STORED DATA:
★ ★ ★ ★ ★

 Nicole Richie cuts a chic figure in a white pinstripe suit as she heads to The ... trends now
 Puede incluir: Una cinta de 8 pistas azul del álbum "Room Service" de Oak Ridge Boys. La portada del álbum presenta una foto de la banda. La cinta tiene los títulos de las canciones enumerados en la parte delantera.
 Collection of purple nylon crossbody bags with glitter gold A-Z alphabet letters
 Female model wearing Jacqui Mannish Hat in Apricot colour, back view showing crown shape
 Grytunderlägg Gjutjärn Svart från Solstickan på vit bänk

★ ★ ★ ★ ★

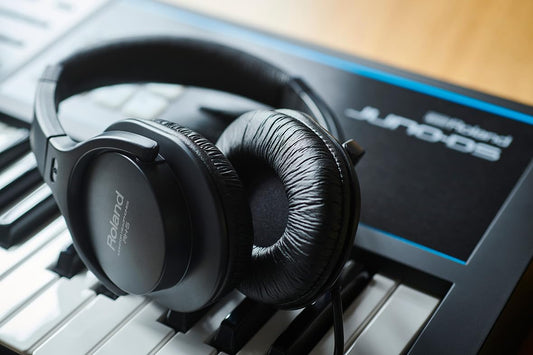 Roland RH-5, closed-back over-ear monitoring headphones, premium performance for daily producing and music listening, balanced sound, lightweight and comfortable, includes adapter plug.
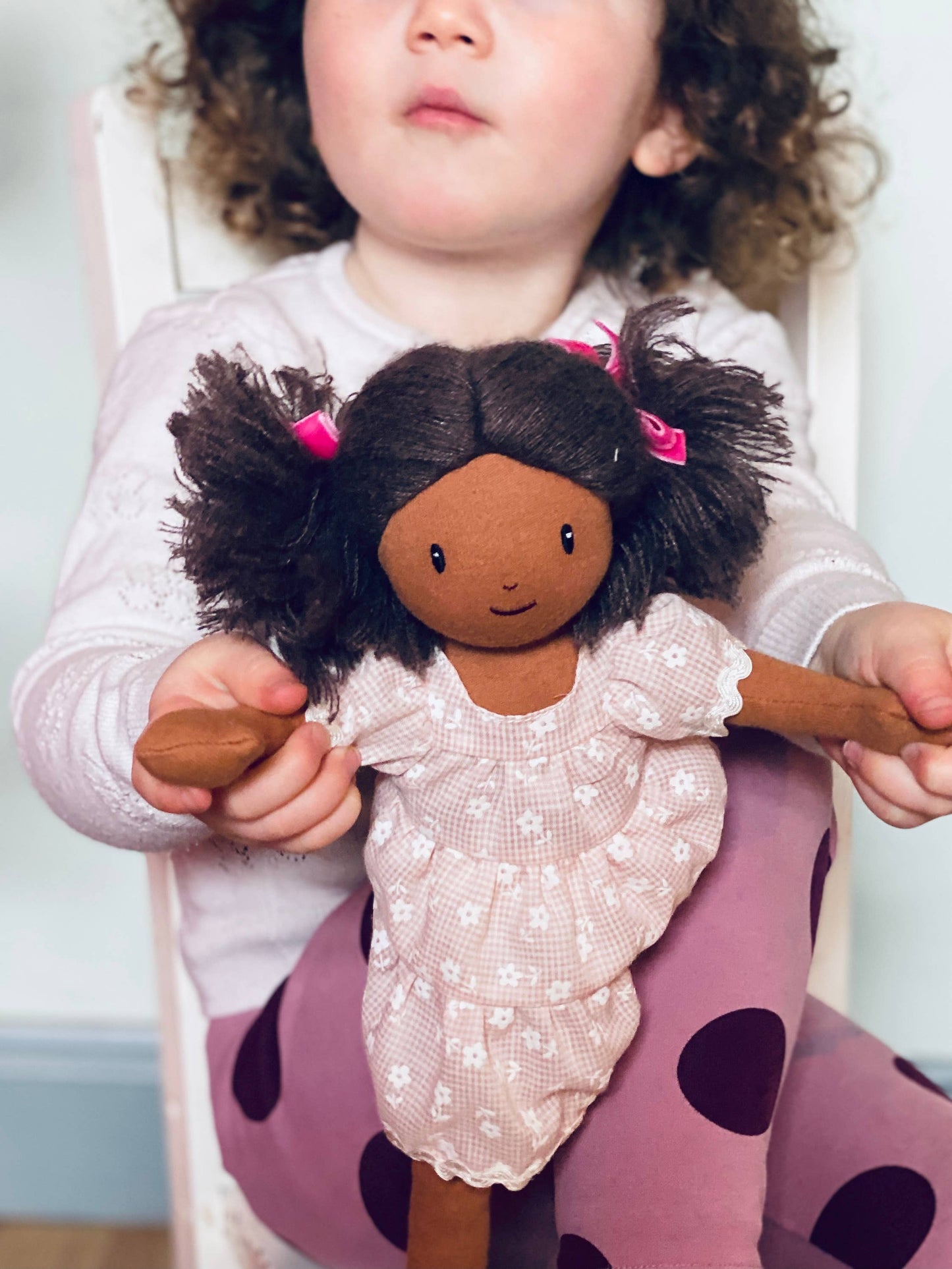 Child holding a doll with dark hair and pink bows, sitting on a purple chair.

★ ★ ★ ★ ★

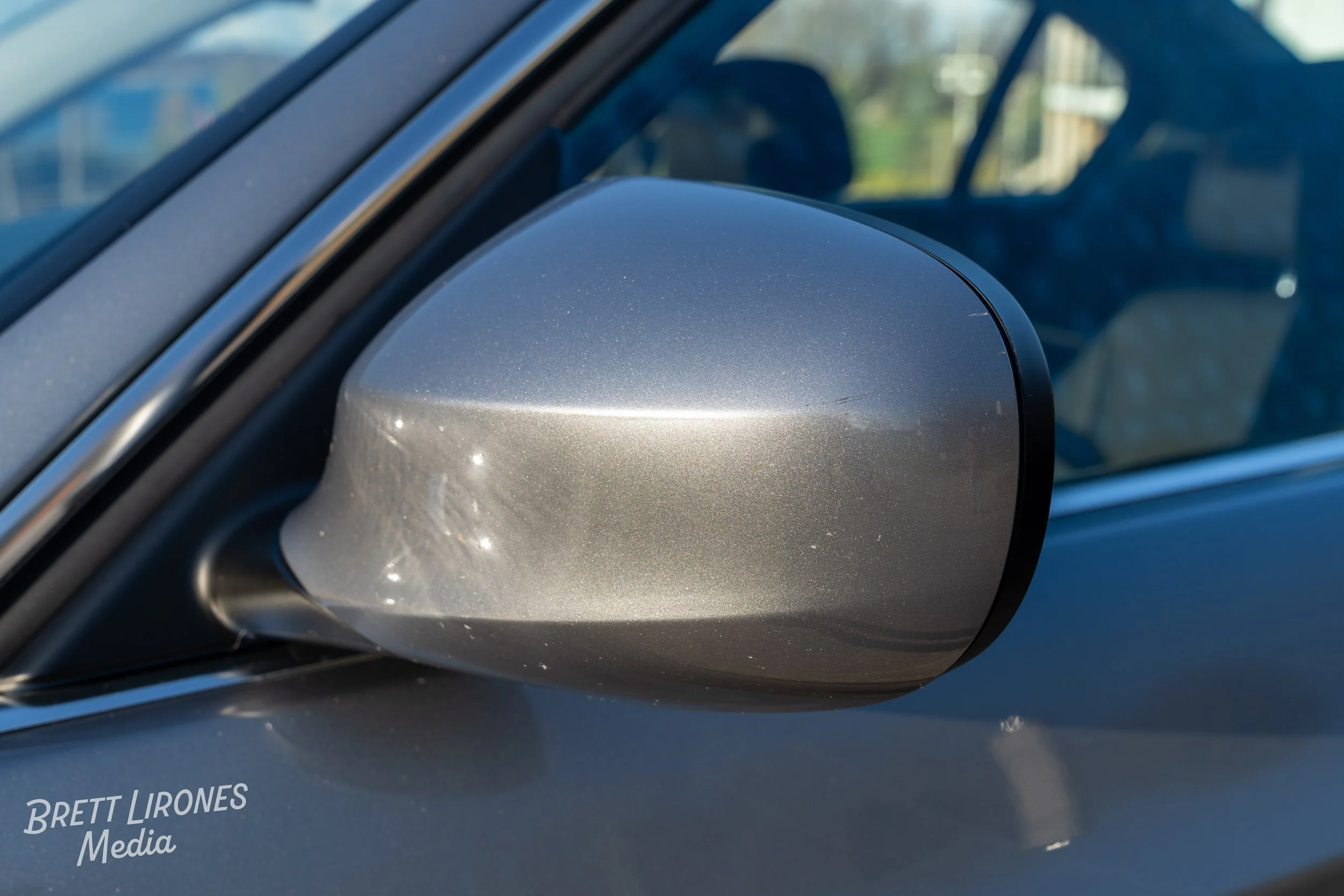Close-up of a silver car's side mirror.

★ ★ ★ ★ ★

WORK REQUEST: Your task is to transcribe, with no changes, only the lines of the listing above that lie between the line holding "Female model wearing" and the line holding "Grytunderlägg Gjutjärn Svart", inclusive.

OUTPUT:
 Female model wearing Jacqui Mannish Hat in Apricot colour, back view showing crown shape
 Grytunderlägg Gjutjärn Svart från Solstickan på vit bänk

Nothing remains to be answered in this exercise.